Chesapeake Energy Corporation and CNOOC Limited Announce Eagle Ford Shale Project Cooperation Agreement
There are a lot of other players in the Eagle Ford, so one would presume the total amount of oil coming from there will be larger than that. I know EOG is really big on the play too.
As always Gail, thoughtful and well observed writing...and you really put it exactly correct with this statement:
"It seems to me that whatever additional oil and NGLs are produced will have a much bigger impact on the US economy than it will have on “peak oil.”
EXACTLY CORRECT.
Once more we must confront the "math", IF we accept the models as given by Campbell, Simmons, Mearns, Westexas, Deffeyes, etc.: We could stop every car and truck in the U.S. and burn it where it stands, and it would have essentially NO real effect on peak oil, and very marginal effect on global warming. And in comparison to the world, U.S. oil consumption is now "consumption at the margins" of the debate, and becoming less of a factor (to say "more marginal") everyday. But burning every vehicle in the U.S. while having essentially no impact on "peak oil" would have a CATASTROPHIC impact on the U.S. economy.
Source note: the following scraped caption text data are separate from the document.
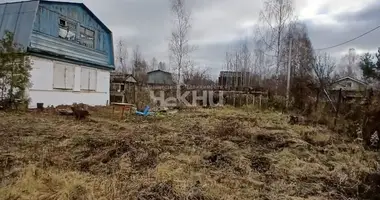 House in Bor, Russia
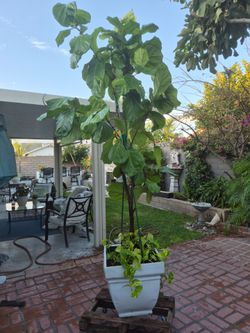 Indoor/outsoor plant more than 7feet tall.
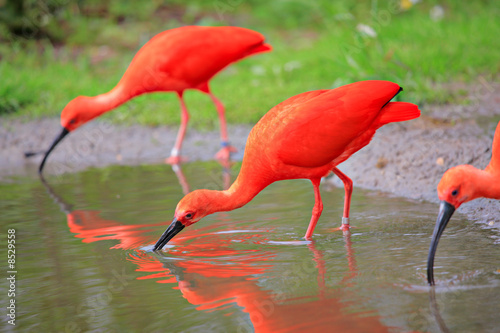 Scarlet ibis  Eudocimus ruber  birds in the wild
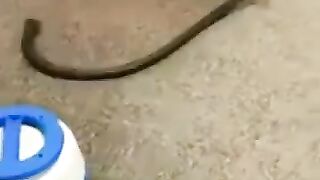 Construction funny comedy 2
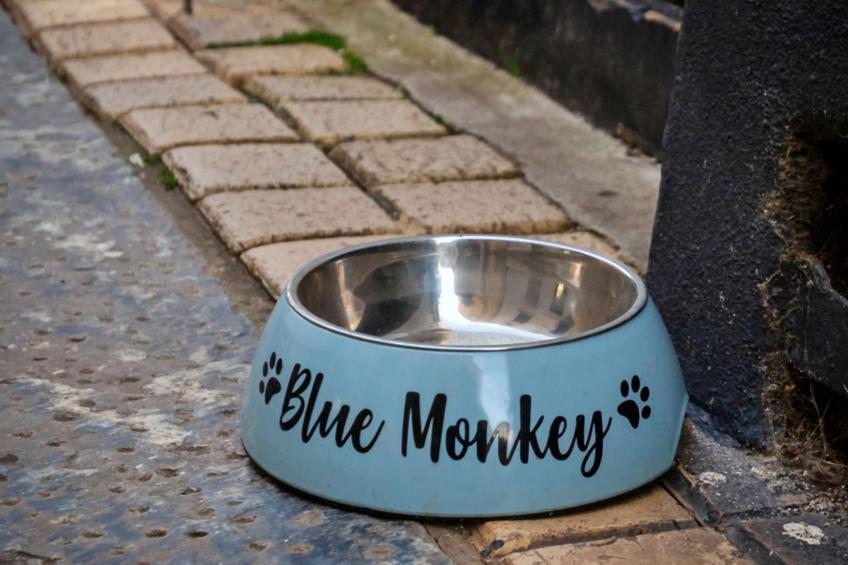 Blue Monkey - foto 19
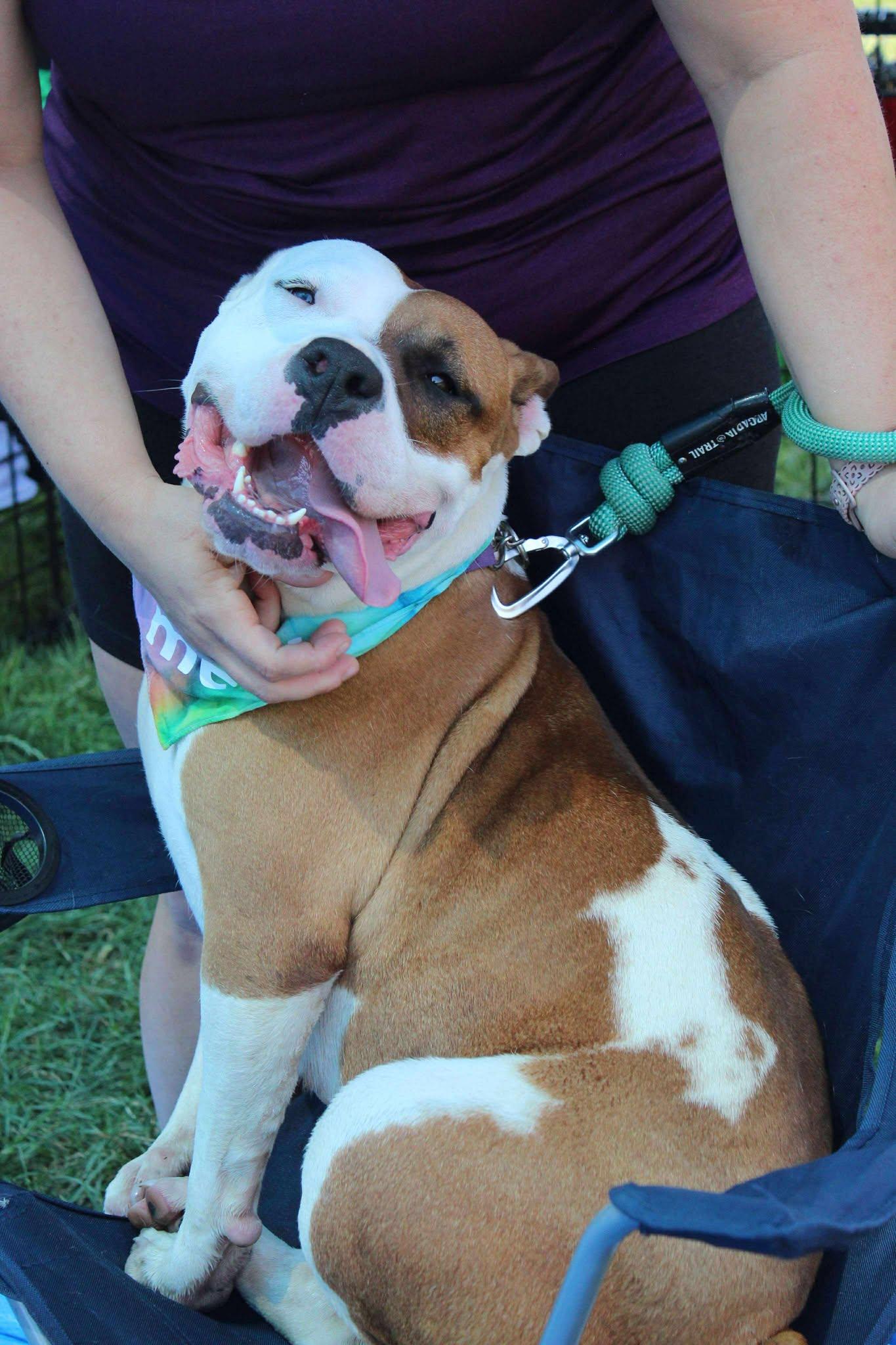 Enlarge Akia, a Adoptable Mixed Breed in Plain City, OH image 2/6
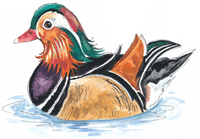 Mandarin Duck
In my 5 years as a registered poster on TOD, this realization alone has been worth the price of admission for me (oh, that's right, the price of admission is free...:-), but it is still a great realization that does not even register on the radar of most minds even in tghe peak oil community.
RC
Bingo
Eliminating 11M bpd of consumption would have no real effect??
Further, if we were to replace every car and truck in the U.S. with PHEVs, EREVs and EVs we would not only eliminate 90% of that 11M bpd, but we would also create the means for the rest of the world to eliminate the majority of their consumption.
To paraphrase Cassius: "The problem, Dear Brutus, lies not in our Stars, but in our internal combustion engines."
I like "infernal combustion engines".
They come with fool injection!
:)
"Eliminating 11M bpd of consumption would have no real effect??"
Notice what I said in my post: IF you accept the models of most of the peak oilers, they are talking about descent in production anywhere from 20 to 50 percent, never to rebound. If we take current world production at aound 80 million barrels per day, then only a 10% decline would be getting close to all the American market consumes. A 20% drop in production would mean that no matter how fast we saved oil, we could not stay up with the depletion treadmill. A 20% drop year on year for only a couple of years would mean the lost production would vastly exceed the amount of oil we are burning in the U.S.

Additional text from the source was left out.